I think it's awesome (we are close friends with Erik from Pig so slightly biased) - one extreme is Browser Use, which is just an agent that does everything for the first time, the other extreme is Workflow Use, which is almost deterministic. I think the winner product lies somewhere in the middle - Browser Use + Cache is easier to do for browser trajectories than for pure images! We will definitely try this direction!
1) we made this sick function in browser use library which analyses when there are no more requests going through - so we just reuse that!
2) yeah good question. The end goal is to completely regenerate the flow if it breaks (let browser use explore the “new” website and update the original flow). But let’s see, soo much could be done here!
1. Oh yes right. I remember trying it out thinking it was going to be brittle because of analytics etc but it filters for those surprisingly well.
2. We are working on https://www.launchskylight.com/ , agentic QA. For the self onboarding version we are using pure CUA without caching. (We wanted to avoid playwright to make it more flexible for canvas+iframe based apps,where we found HTML based approaches like browser-use limited, and to support desktop apps in the future).

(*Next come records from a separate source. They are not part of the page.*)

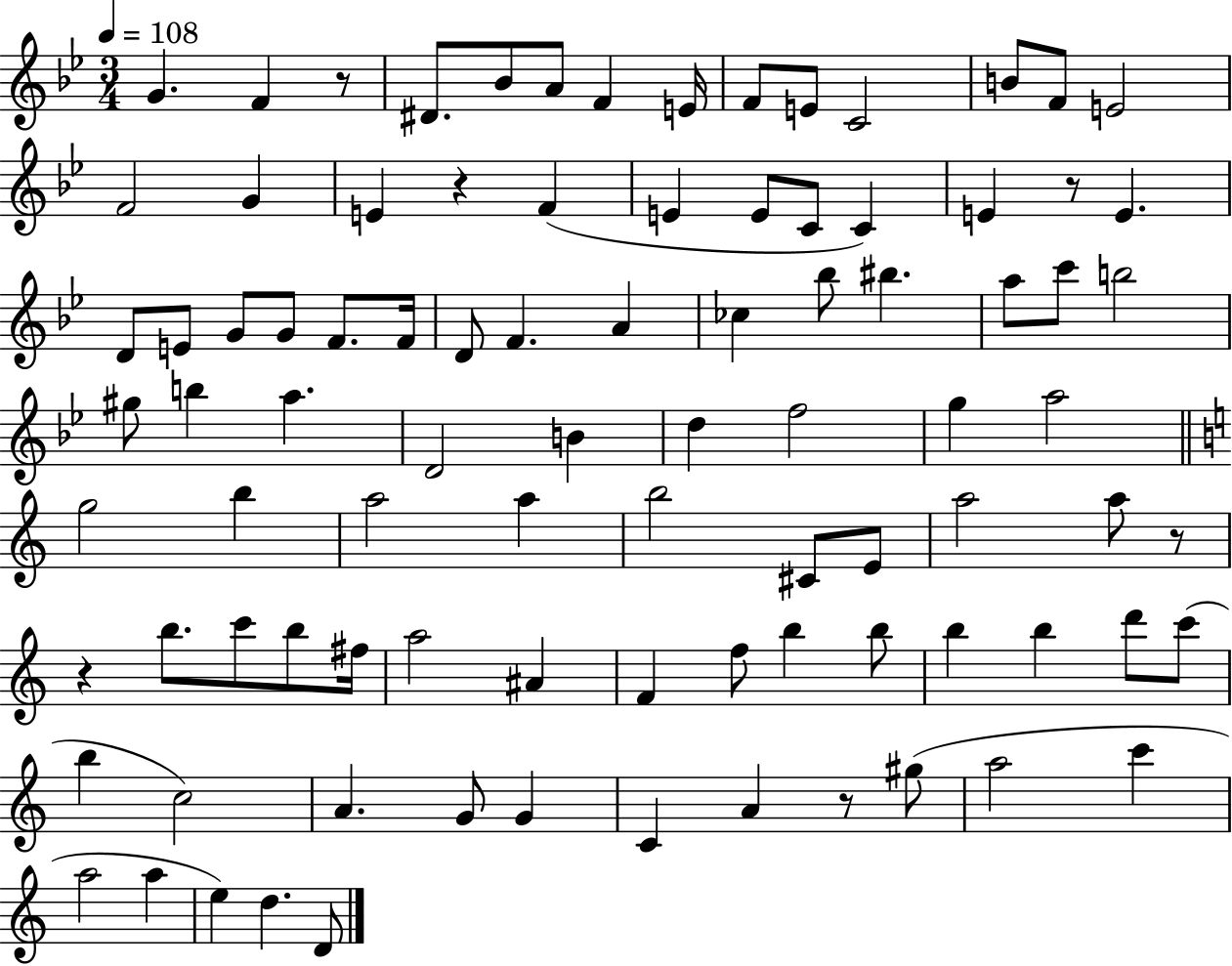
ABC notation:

X:1
T:Untitled
M:3/4
L:1/4
K:Bb
G F z/2 ^D/2 _B/2 A/2 F E/4 F/2 E/2 C2 B/2 F/2 E2 F2 G E z F E E/2 C/2 C E z/2 E D/2 E/2 G/2 G/2 F/2 F/4 D/2 F A _c _b/2 ^b a/2 c'/2 b2 ^g/2 b a D2 B d f2 g a2 g2 b a2 a b2 ^C/2 E/2 a2 a/2 z/2 z b/2 c'/2 b/2 ^f/4 a2 ^A F f/2 b b/2 b b d'/2 c'/2 b c2 A G/2 G C A z/2 ^g/2 a2 c' a2 a e d D/2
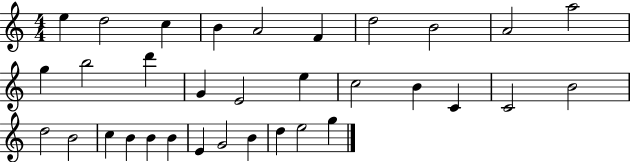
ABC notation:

X:1
T:Untitled
M:4/4
L:1/4
K:C
e d2 c B A2 F d2 B2 A2 a2 g b2 d' G E2 e c2 B C C2 B2 d2 B2 c B B B E G2 B d e2 g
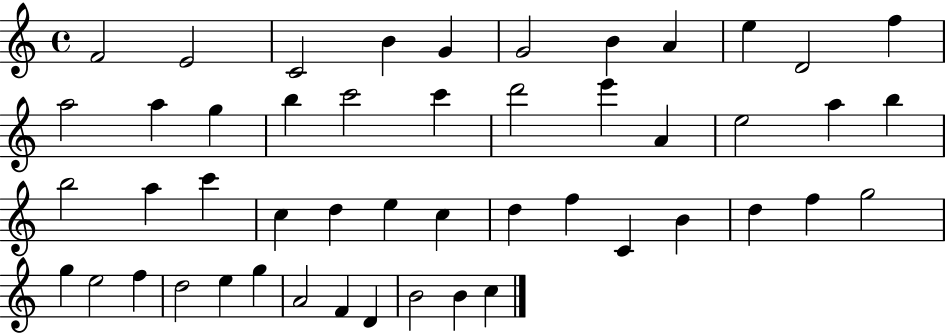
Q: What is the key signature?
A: C major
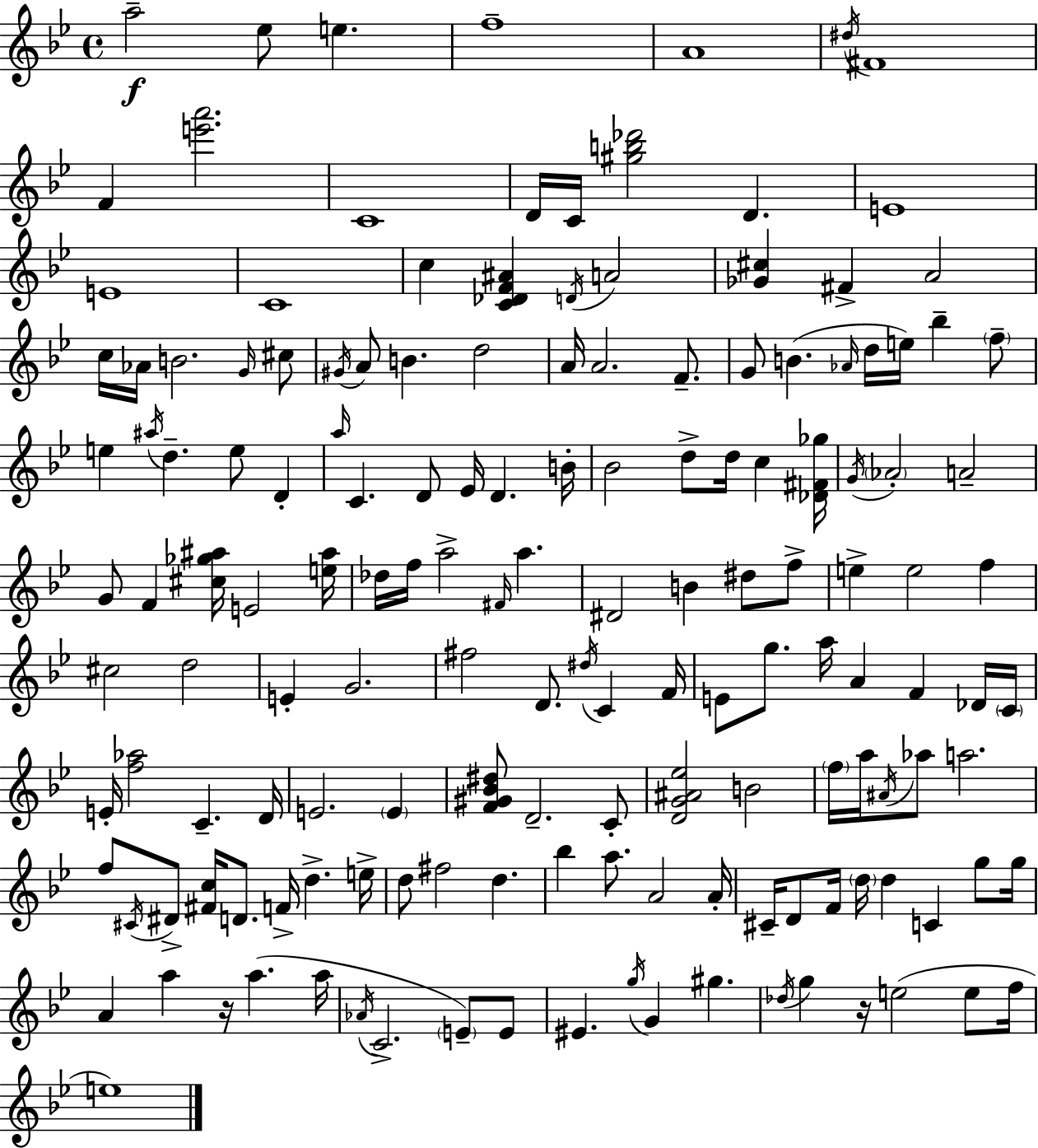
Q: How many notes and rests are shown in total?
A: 154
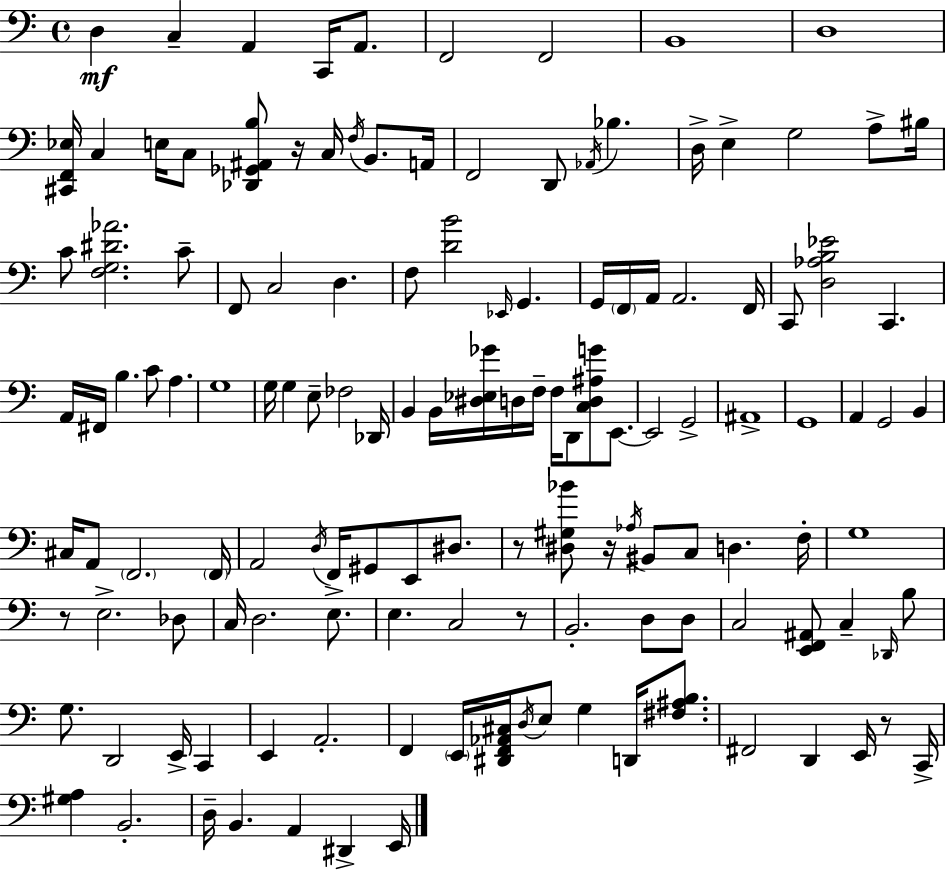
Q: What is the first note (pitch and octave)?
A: D3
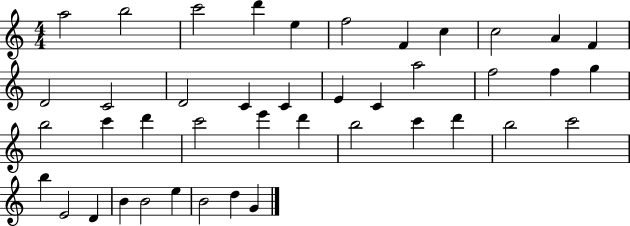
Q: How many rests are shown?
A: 0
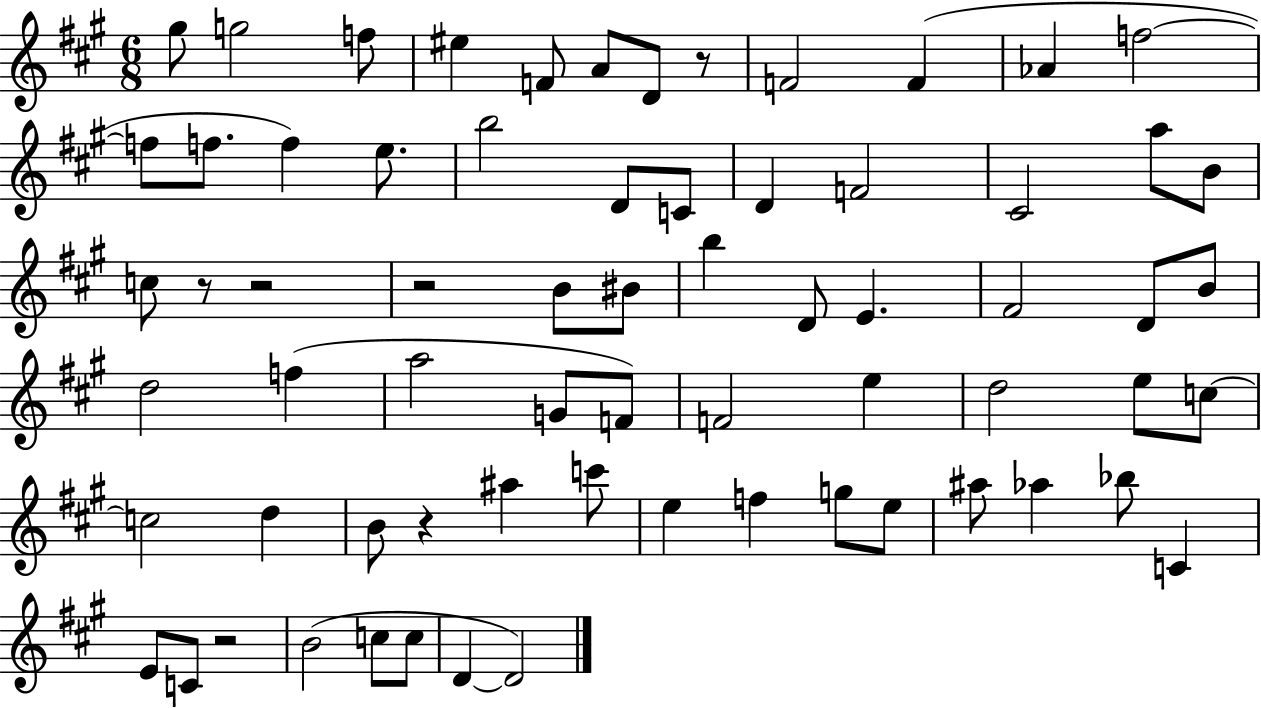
X:1
T:Untitled
M:6/8
L:1/4
K:A
^g/2 g2 f/2 ^e F/2 A/2 D/2 z/2 F2 F _A f2 f/2 f/2 f e/2 b2 D/2 C/2 D F2 ^C2 a/2 B/2 c/2 z/2 z2 z2 B/2 ^B/2 b D/2 E ^F2 D/2 B/2 d2 f a2 G/2 F/2 F2 e d2 e/2 c/2 c2 d B/2 z ^a c'/2 e f g/2 e/2 ^a/2 _a _b/2 C E/2 C/2 z2 B2 c/2 c/2 D D2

We are betaing caching internally for customers, and releasing it for the self-onboarding soon. We use CUA actions for caching instead of playwright. Caching with pixel native models is def a bit more brittle for clicks and we focus on purely vision based analysis to decide to proceed or not. I think for scaling though you are 100% right, screenshots every step for validating are okay/worth it, but running an agent non-deterministically for actions is def an overkill for enterprise, that was what we found as well.
Geminis video understanding is also an interesting way to analyze what went wrong in more interactive apps. Apart from that i think we share quite a bit of the core thinking, would be interested to chat, will DM!
we heard a lot of complaints about Browser Use being slow. Last few weeks we focused a lot on improving the speed, while keeping the same accuracy.
Go try it out. It's really fun to see it glide the web.